3. Personal communication, Reverend Antoine Champagne to the author, October 8, 1970.
4. Les La Verendrye et le Poste de l'Ouest, Antoine Champagne, C.R.I.C., (Quebec, 1968), p. 136, n. 9.
5. The Hematite on Black Island, G. M. Brownell and A. E. Kliske, Transactions, C.I.M.M., 1945, p. 291.
6. Encyclopedia Canadiana, v. 9, (Ottawa, 1962), p. 182.
7. A History of American Mining, T. A. Rickard, (New York, 1932), p. 1.
8. Indians of Canada, Diamond Jenness, (Ottawa, 1955), 3rd edition, p. 33.
9. Travels and Adventures - 1760-66, Alexander Henry, (New York, 1807), ed. by M. M. Quaife, (Chicago, 1921), p. 239 et seq.
George F. Reynolds, Winnipeg, a retired mining engineer, has a summer home at the pioneer lumbering settlement of Manigotogan on the east shore of Lake Winnipeg opposite Black Island.

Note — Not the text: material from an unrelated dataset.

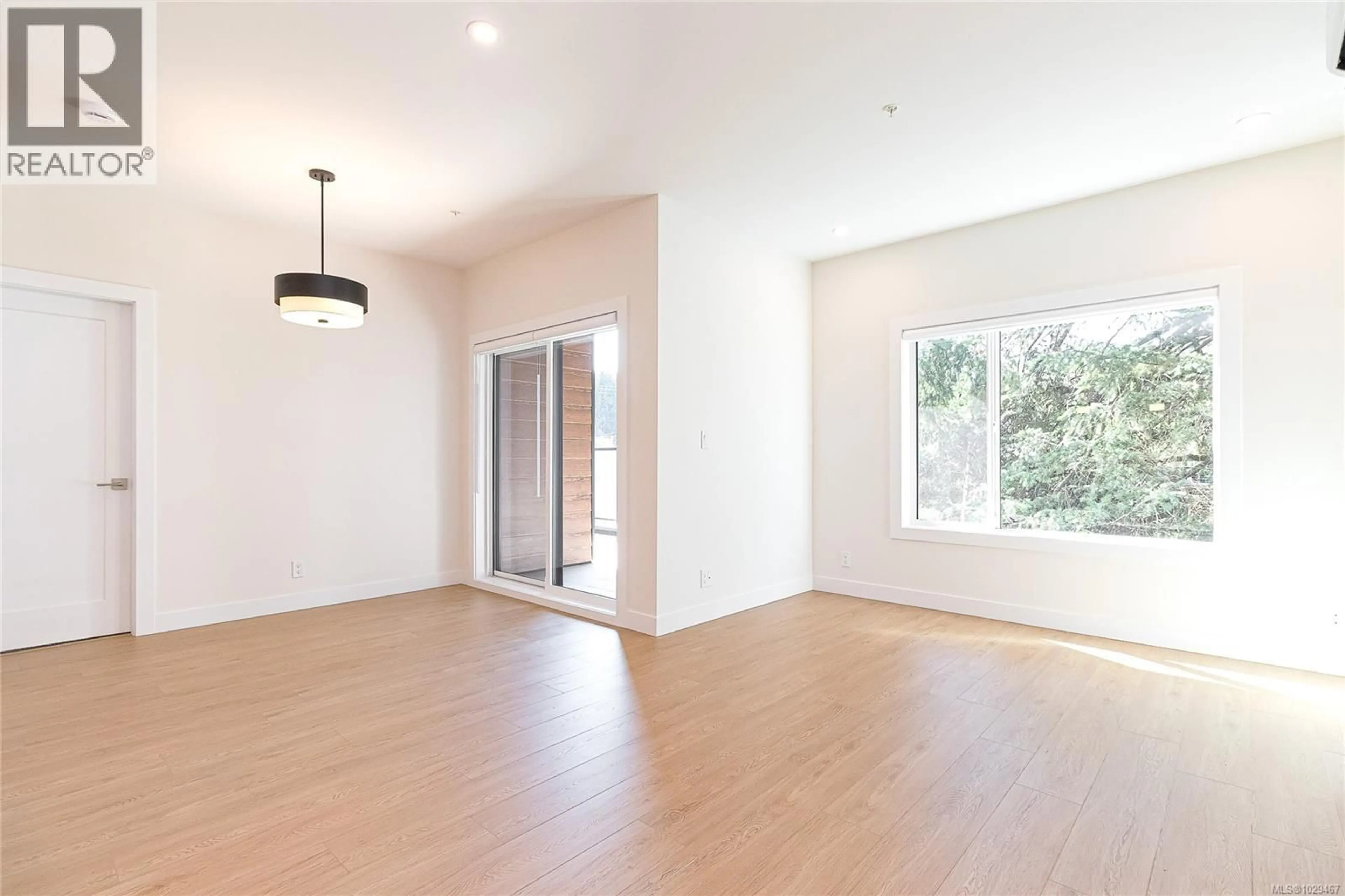 A pic of a room for 205 - 924 JENKINS AVENUE, Langford British Columbia V9B2N7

The foregoing article is the introductory portion of a paper on the Black Island iron and the Red Rock deposit. In subsequent chapters, Mr. Reynolds traces the course of staking, surveying, and drilling; professional reports, registration of claims, and periodic but fruitless operations to bring the deposit into commercial production in the 19th and 20th centuries.
Mr. Reynolds concludes as follows: “The central block of claims was abandoned in July 1949, and on February 28, 1963, the two original Proudfoot locations reverted to the Crown under the provisions of the Mining Royalty and Tax Act, thus bringing to a close the history of the deposit of red iron ore which had first been seen by Louis-Joseph La Verendrye in 1739, some 224 years before. The Government of Manitoba has proposed establishing a Wilderness Park on Black Island, Hecla and adjacent islands, and the iron formations will undoubtedly be withdrawn permanently from staking. It is to be hoped that a cairn will be erected to mark the site of Manitoba's first mine.”